Exactly the lines from the one containing "Happy Thoughts Ruffled" through the end of the data, and nothing more, should be retyped; pictures stay out.

Material provided:

------

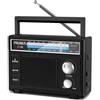 PRUNUS J-136 AM/FM Radio Portatile, Radiolina Portatile Alimentata da Batterie o Alimentazione CA, Radioline Portatili con Jack AUX/Microfono per Casa, Cucina, Tavolo (Nero)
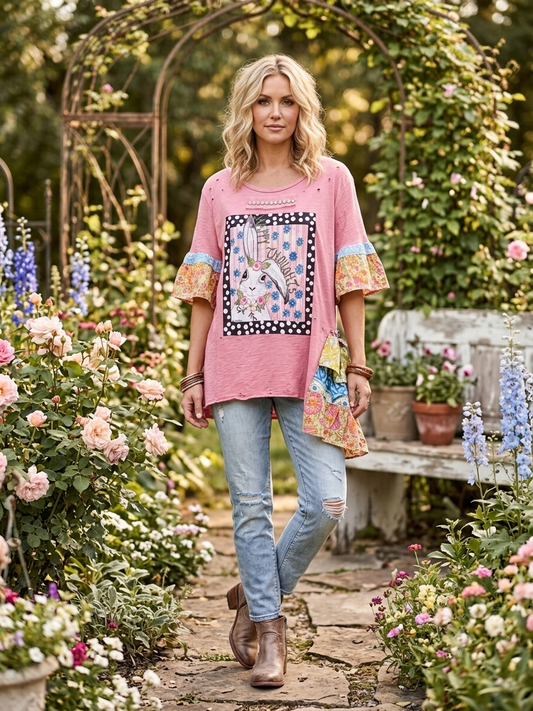 Happy Thoughts Ruffled Sleeve Tee Fits Large to 2X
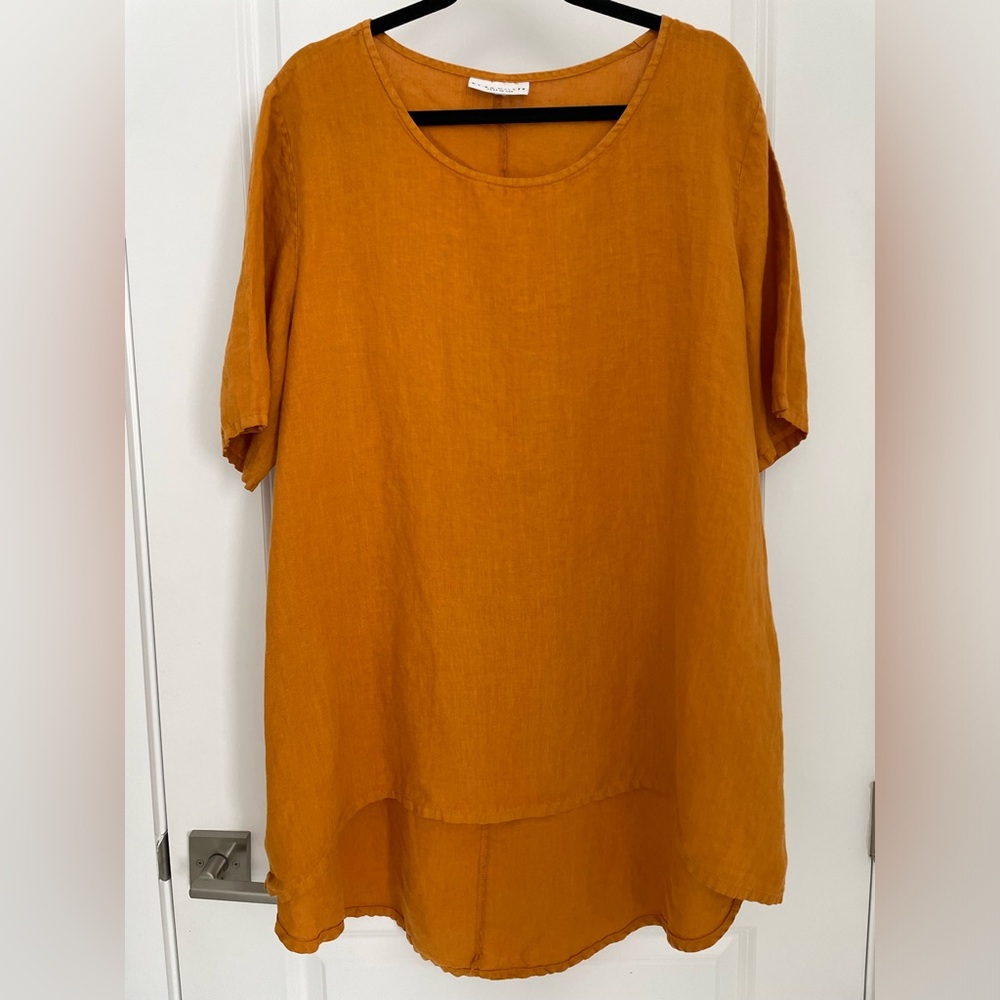 Bryn Walker Lagenlook Linen Tunic Dress Large, Ursinia Orange Made in USA L14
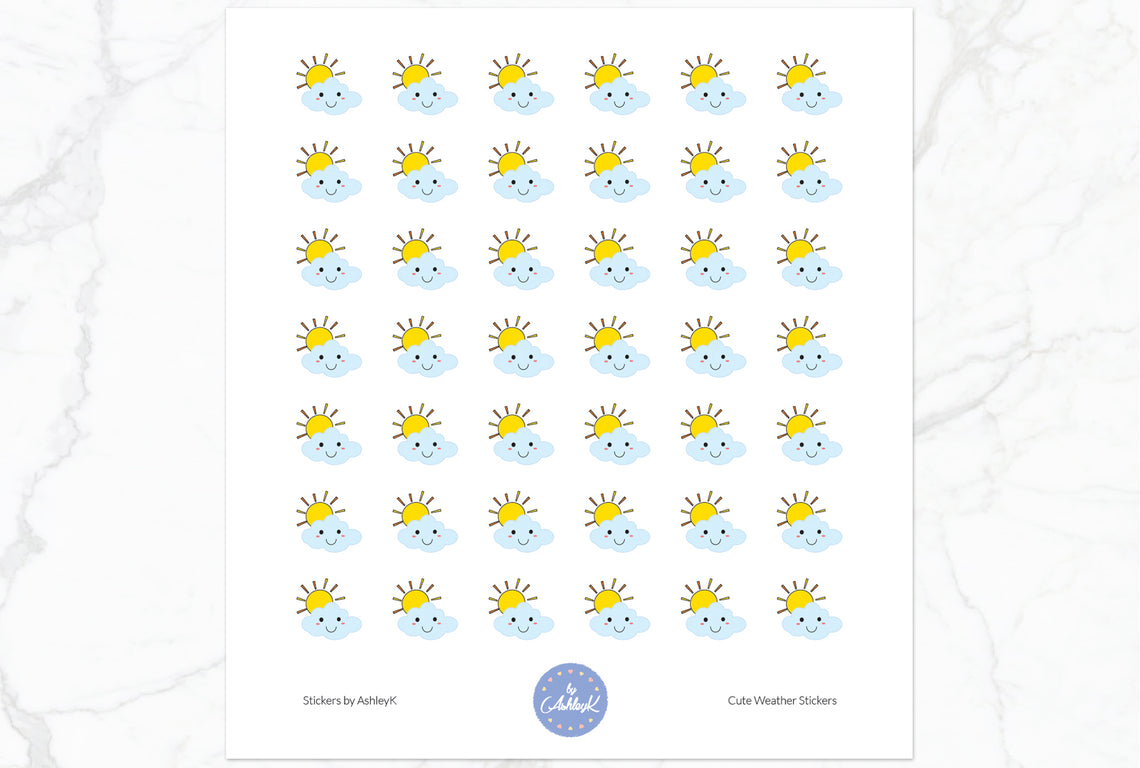 Cute Mini Weather Stickers - Partly Sunny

------

Response area:
 Happy Thoughts Ruffled Sleeve Tee Fits Large to 2X
 Bryn Walker Lagenlook Linen Tunic Dress Large, Ursinia Orange Made in USA L14
 Cute Mini Weather Stickers - Partly Sunny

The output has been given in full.